## Exercise instructions
Write down exactly the lines of the records below, beginning with the first and ending with the line that includes "Póster de celebración".
Material shown below:
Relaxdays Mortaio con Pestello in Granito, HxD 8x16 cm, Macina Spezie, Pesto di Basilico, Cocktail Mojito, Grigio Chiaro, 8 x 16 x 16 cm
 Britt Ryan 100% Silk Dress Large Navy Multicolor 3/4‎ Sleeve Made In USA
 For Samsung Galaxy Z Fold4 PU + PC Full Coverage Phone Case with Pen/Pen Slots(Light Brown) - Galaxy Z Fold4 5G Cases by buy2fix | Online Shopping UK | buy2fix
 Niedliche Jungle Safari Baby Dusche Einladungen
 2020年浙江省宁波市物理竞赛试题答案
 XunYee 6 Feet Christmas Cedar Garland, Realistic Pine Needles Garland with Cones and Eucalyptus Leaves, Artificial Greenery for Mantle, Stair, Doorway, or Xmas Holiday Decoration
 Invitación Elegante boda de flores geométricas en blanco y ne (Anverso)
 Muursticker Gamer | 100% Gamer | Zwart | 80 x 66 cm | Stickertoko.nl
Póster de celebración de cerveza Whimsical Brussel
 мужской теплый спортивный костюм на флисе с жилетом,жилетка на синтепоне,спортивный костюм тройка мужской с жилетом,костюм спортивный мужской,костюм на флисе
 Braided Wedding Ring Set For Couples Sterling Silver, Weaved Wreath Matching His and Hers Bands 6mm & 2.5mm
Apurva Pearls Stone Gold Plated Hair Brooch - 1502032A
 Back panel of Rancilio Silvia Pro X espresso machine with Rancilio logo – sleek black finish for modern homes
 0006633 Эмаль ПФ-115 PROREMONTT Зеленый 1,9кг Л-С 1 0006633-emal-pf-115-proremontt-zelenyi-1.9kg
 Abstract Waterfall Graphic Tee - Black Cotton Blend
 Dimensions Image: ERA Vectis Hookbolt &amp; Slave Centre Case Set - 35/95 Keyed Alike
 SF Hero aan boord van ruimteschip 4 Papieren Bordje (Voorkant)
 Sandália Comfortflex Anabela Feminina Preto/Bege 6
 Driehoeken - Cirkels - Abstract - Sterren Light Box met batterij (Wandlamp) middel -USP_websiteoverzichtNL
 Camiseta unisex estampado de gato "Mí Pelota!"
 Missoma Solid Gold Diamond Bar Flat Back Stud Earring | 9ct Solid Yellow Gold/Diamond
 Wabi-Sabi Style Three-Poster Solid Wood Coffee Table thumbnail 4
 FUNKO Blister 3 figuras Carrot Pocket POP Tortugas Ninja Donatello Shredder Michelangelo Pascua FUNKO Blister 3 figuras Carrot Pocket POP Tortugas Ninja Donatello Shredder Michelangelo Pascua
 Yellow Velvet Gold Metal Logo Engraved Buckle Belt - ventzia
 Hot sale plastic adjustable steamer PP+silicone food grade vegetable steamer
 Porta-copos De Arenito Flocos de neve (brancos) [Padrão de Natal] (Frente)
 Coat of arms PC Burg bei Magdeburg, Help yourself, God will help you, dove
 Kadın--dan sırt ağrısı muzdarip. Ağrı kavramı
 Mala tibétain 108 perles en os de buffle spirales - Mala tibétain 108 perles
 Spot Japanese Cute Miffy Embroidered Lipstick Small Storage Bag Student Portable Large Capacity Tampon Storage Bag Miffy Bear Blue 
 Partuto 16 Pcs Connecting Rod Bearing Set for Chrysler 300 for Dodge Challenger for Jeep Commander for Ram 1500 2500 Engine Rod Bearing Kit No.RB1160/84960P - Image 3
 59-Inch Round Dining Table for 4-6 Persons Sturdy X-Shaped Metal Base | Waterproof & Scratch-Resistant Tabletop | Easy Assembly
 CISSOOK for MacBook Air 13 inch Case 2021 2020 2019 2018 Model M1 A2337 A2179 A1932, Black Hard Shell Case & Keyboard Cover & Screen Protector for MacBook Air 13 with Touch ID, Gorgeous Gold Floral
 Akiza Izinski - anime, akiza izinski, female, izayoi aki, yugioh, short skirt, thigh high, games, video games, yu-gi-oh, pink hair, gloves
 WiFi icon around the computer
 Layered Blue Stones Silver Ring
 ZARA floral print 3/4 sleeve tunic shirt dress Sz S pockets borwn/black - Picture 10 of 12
End of Material shown.
## Result below
Relaxdays Mortaio con Pestello in Granito, HxD 8x16 cm, Macina Spezie, Pesto di Basilico, Cocktail Mojito, Grigio Chiaro, 8 x 16 x 16 cm
 Britt Ryan 100% Silk Dress Large Navy Multicolor 3/4‎ Sleeve Made In USA
 For Samsung Galaxy Z Fold4 PU + PC Full Coverage Phone Case with Pen/Pen Slots(Light Brown) - Galaxy Z Fold4 5G Cases by buy2fix | Online Shopping UK | buy2fix
 Niedliche Jungle Safari Baby Dusche Einladungen
 2020年浙江省宁波市物理竞赛试题答案
 XunYee 6 Feet Christmas Cedar Garland, Realistic Pine Needles Garland with Cones and Eucalyptus Leaves, Artificial Greenery for Mantle, Stair, Doorway, or Xmas Holiday Decoration
 Invitación Elegante boda de flores geométricas en blanco y ne (Anverso)
 Muursticker Gamer | 100% Gamer | Zwart | 80 x 66 cm | Stickertoko.nl
Póster de celebración de cerveza Whimsical Brussel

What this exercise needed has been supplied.